ASSALAMUALAIKUM...
Wahyu yang pertama kali turun kepada Nabi saw. adalah Iqra' atau 'membaca',
meskipun Beliau dalam kondisi Ummi (yang tidak pandai membaca dan menulis).
Mengapa Iqra'? secara etimologis Iqra' diambil dari akar kata qara'a yang
berarti 'menghimpun', sehingga tidak selalu harus diartikan 'membaca sebuah
teks yang tertulis dengan aksara tertentu'. Selain bermakna 'menghimpun', kata
qara'a juga memiliki sekumpulan makna seperti menyampaikan, menelaah,
mendalami, meneliti, mengetahui ciri sesuatu dan membaca, baik teks tertulis
maupun tidak. . Allah swt. berfirman :
.اقْرَأْ بِاسْمِ رَبِّكَ الَّذِي خَلَقَ. خَلَقَ الْإِنْسَانَ مِنْ عَلَقٍ
"Bacalah dengan (menyebut) nama Tuhanmu Yang menciptakan, Dia telah menciptakan
manusia dari segumpal darah".
Kata Iqra' dalam surah al-'Alaq di atas oleh banyak ahli tafsir diertikan
'bacalah!', tetapi apa yang harus dibaca? dalam satu riwayat, Nabi saw. setelah
mengalami kepayahan karena dirangkul dan diperintah membaca oleh malaikat
Jibril a.s. beliau lantas bertanya: Ma aqra' ya jibril? namun pertanyaan
tersebut tidak dijawab oleh malaikat Jibril a.s., kerana Allah menghendaki agar
beliau dan umatnya membaca apa saja, selama membaca tersebut dilandasi
bismirabbika (atas nama Allah), dalam arti bermanfaat untuk kemaslahatan
sosial.
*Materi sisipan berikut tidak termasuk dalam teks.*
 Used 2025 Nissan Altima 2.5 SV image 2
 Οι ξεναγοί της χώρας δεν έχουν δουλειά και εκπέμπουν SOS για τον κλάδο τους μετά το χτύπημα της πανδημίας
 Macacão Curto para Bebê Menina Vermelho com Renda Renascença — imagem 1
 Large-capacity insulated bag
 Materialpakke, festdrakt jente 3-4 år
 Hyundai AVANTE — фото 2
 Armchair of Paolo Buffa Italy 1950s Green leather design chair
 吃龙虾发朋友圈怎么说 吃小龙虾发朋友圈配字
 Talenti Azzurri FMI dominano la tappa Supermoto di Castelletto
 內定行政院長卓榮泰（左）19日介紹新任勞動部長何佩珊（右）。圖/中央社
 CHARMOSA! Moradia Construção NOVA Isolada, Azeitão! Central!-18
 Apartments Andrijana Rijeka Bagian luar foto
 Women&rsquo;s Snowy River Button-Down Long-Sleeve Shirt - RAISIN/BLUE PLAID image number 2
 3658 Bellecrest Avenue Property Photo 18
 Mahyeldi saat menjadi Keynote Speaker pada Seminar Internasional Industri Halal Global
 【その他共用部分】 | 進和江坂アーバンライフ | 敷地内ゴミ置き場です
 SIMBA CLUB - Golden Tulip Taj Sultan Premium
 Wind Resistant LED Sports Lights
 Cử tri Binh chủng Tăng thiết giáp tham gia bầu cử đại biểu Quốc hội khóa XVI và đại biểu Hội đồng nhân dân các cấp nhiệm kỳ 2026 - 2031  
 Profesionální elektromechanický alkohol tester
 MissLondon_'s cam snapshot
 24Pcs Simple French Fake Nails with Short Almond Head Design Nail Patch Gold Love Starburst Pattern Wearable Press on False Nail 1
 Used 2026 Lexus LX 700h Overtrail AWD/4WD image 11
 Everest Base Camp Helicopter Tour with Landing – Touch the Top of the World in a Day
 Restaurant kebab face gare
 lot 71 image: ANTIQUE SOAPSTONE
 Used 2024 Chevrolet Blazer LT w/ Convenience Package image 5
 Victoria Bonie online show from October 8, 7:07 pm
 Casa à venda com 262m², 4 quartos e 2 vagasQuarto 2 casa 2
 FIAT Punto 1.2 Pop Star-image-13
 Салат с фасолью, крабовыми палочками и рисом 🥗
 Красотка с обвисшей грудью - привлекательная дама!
Pengaitan ini merupakan syarat sehingga menuntut dari si pembaca bukan
saja sekedar melakukan bacaan dengan ikhlas, tetapi juga antara lain mampu
memilih bahan-bahan bacaan yang tidak menghantarnya kepada hal-hal yang
bertentangan dengan 'nama Allah' itu.
Jika begitu kata Iqra' bererti bacalah, telitilah, dalamilah, ketahuilah
ciri-ciri sesuatu, bacalah alam, bacalah tanda-tanda zaman, sejarah, diri
sendiri baik yang tertulis maupun tidak. Alhasil, objek perintah iqra' mencakup
segala sesuatu yang dapat dijangkau.
Lalu, mengapa setelah kata اقْرَأْ بِاسْمِ رَبِّكَ الَّذِي خَلَقَ, dilanjutkan
dengan خَلَقَ الْإِنْسَانَ مِنْ عَلَقٍ. Dalam konteks ini Allah menegaskan
bahwa Dia-lah yang telah menciptakan manusia dari segumpal darah, lalu apa
maknanya? Manusia diarahkan untuk meneliti, memahami, dan mendalami proses
penciptaan dirinya. Dimana manusia diciptakan oleh Allah dari segumpal darah,
sesuatu yang menjijikkan nan hina, lalu berkembang hingga berbentuk sempurna
dan diberikan kepadanya ruh. Namun ditegaskan ulang memang manusia memang harus
membaca sebagai kunci utama untuk menghimpun pengetahuan. Itulah ajaran Allah
yang Maha Agung untuk meninggikan darjat manusia sebagai khalifahnya di muka
bumi.
Sungguh, perintah membaca merupakan sesuatu yang paling berharga yang pernah
dan dapat diberikan kepada umat manusia. 'Membaca' dalam aneka maknanya adalah
syarat pertama dalam pengembangan ilmu dan tekhnologi, serta syarat utama
membangun peradaban. Semua peradaban yang berhasil bertahan lama, justru
dimulai dari satu kitab (bacaan). Peradaban Yunani dimulai dengan Iliad karya
Homer pada abad ke-9 sebelum Masehi. Ia berakhir dengan hadirnya Kitab
Perjanjian Baru. Peradaban Eropa dimulai dengan karya Newton (1641-1727) dan
berakhir dengan filsafat Hegel (1770-1831) . Peradaban Islam lahir dengan
kehadiran al-Qur'an.
Selanjutnya, Allah berfirman:
.اقْرَأْ وَرَبُّكَ الْأَكْرَمُ. الَّذِي عَلَّمَ بِالْقَلَمِ.عَلَّمَ
الْإِنْسَانَ مَا لَمْ يَعْلَمْ
"Bacalah, dan Tuhanmulah Yang Maha Pemurah, Yang mengajar (manusia) dengan
perantaraan kalam. Dia mengajarkan kepada manusia apa yang tidak diketahuinya".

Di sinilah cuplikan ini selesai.